This parallel government extended deep into civil administration. Official police records corroborate that Maoists maintained land registries, processed property mutations, and systematically collected land revenue.


The psychological toll on law enforcement was immense. Ma Danteshwari, the presiding deity of Bastar, became a symbolic shield for officers. Top brass, including Inspectors General (IG) and SPs, abandoned their uniforms to avoid becoming targets. Official police jeeps were discarded; patrols were conducted in unmarked civilian vehicles flying the flag of Ma Danteshwari rather than police insignia.
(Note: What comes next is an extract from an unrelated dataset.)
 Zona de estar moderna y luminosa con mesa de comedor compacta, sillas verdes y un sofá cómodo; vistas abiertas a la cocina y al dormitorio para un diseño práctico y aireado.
Any deviation from these survival tactics proved fatal. When a newly posted IPS officer in Dantewada mandated that his personnel wear uniforms and utilize official vehicles with police flags, the consequences were immediate and tragic. On the very first day of the directive, eight jawans were killed in an ambush. The then-Governor of Chhattisgarh, a former IG of Bihar, publicly lamented the move as a "tactically immature action."


Today, Bastar is attempting to turn a definitive corner. Signaling a shift from counter-insurgency to economic revitalization, Chief Minister Vishnu Deo Sai has pitched the "Bastar-2" development blueprint to Prime Minister Narendra Modi, aiming to replace landmines with industry and integration.